Friday, February 10, 2017

Weekly wire: The global forum

The World Bank
Darejani Markozashvili



These are some of the views and reports relevant to our readers that caught our attention this week.

Humanitarian Action and Non-state Armed Groups: The International Legal Framework
Chatham House

A significant number of current conflicts involve non-state armed groups (NSAGs) that exercise control over territory and civilians. Often these civilians are in need of assistance. International humanitarian law (IHL) provides that if the party to an armed conflict with control of civilians is unable or unwilling to meet their needs, offers may be made to carry out relief actions that are humanitarian and impartial in character.

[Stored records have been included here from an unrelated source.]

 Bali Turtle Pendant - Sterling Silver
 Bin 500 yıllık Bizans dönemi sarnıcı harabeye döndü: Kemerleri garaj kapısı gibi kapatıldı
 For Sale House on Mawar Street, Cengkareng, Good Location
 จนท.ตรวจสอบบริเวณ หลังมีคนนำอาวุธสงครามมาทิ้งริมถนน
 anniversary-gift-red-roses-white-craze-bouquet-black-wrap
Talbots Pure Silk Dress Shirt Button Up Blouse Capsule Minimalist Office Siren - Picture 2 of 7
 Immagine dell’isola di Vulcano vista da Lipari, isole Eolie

The consent of affected states is required but may not be arbitrarily withheld. Once consent has been obtained, parties must allow and facilitate rapid and unimpeded passage of humanitarian relief operations. In responding, humanitarian actors must overcome numerous challenges, including insecurity arising from active hostilities or a breakdown in law and order, or bureaucratic constraints imposed by the parties to the conflict.

Measuring the Business Side: Indicators to Assess Media Viability
DW Akademie

In times of digital transformation media all over the world have to come up with new ways to ensure their survival. Meanwhile, media development actors are searching for new concepts and orientation in their support of media organizations and media markets. This paper presents DW Akademie’s suggestion for new indicators to measure economic viability. The criteria not only take into account the financial strategies and managerial structures of individual media outlets, but also the overall economic conditions in a country as well as the structures of the media market needed to ensure independence, pluralism and professional standards. After all, money talks – and media development should listen.

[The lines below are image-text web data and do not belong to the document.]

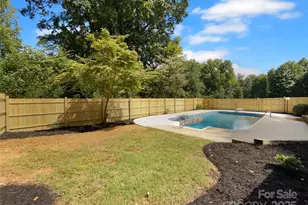 8117 Shannon Woods Ln, Matthews, NC 28104 - Photo 20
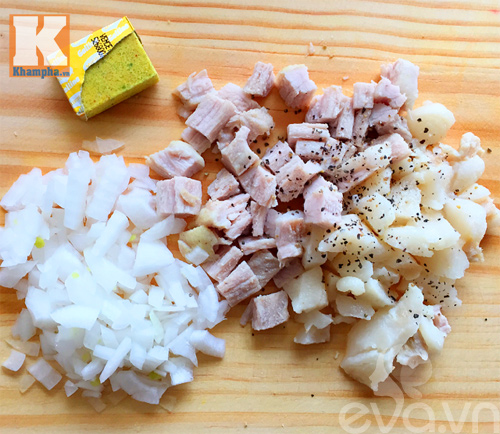 Ngon miệng với xôi bọc bánh gấc hấp - 3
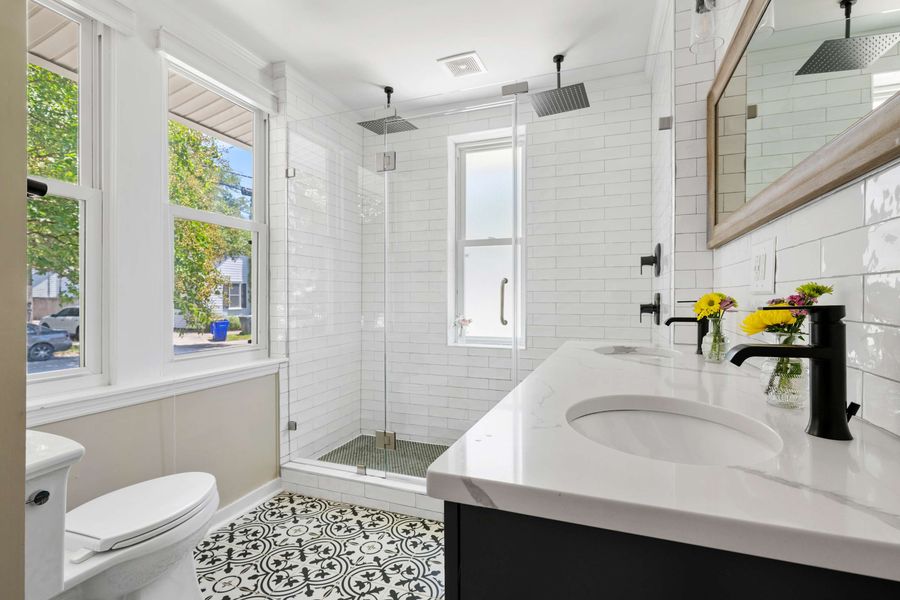 Bathroom 1: Walk-in Shower w/ double shower heads 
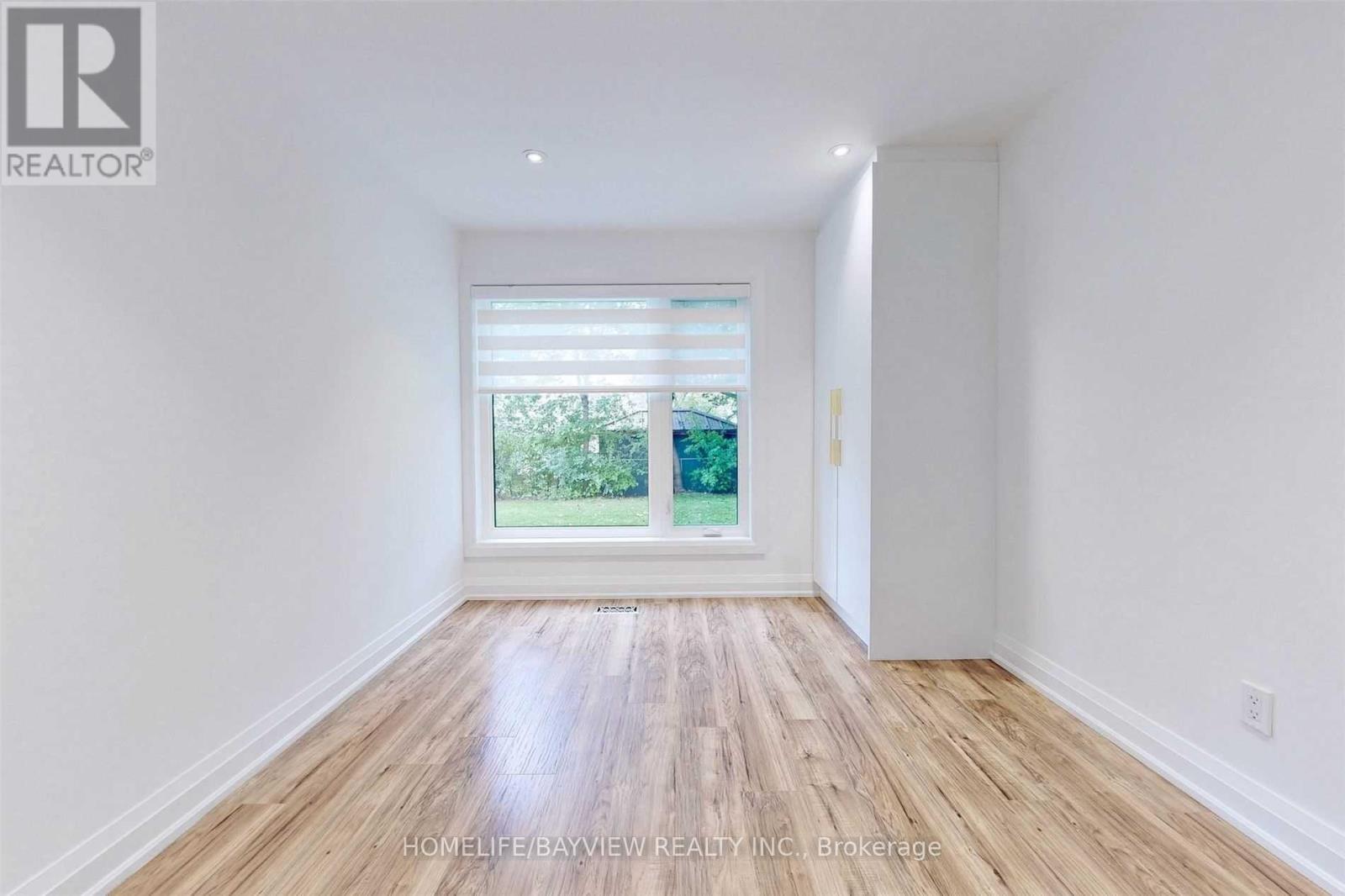 663 Conacher (Lower) Drive, Toronto, Ontario  M2M 3N4 - Photo 6 - C13691780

Land Rights and Global Development
Foreign Affairs

In 1967, an article about land reform in Latin America by the law professor Roy Prosterman caught the attention of the U.S. military, which was struggling to support South Vietnam’s faltering government and to keep poor Vietnamese farmers from abandoning their fields to join the Vietcong. Prosterman’s article argued that secure land rights offered farmers a stable path out of poverty and a reason to stay on their plots. In the years that followed, Prosterman (who later founded Landesa, the land rights group I now direct) worked in Vietnam to understand the problems faced by poor farmers and help the government develop a law to address them. Begun in 1970, South Vietnam’s “land to the tiller” law eventually secured land rights for one million Vietnamese farmers. In the areas of South Vietnam where the law was implemented, between 1970 and 1973 , rice production rose by 30 percent, and monthly Vietcong recruitment fell by 80 percent.

What drives reform? Making sanitation a political priority in secondary cities
Overseas Development Institute

The rapid urbanisation seen by many countries around the world offers great potential for human development. But this comes with a cost. If the human waste produced by our quickly growing cities is not safely managed, the tragedies of stunting, cholera, and child mortality are almost certain to persist. Most of the urban discussion, including on urban sanitation, is focused on capital cities. Yet, in less developed countries, more than half of all urban residents live in smaller cities of one million inhabitants or less (UNDESA, 2014). These smaller, but rapidly expanding, cities face specific development challenges, often having weaker political autonomy and more limited financial resources than the capital.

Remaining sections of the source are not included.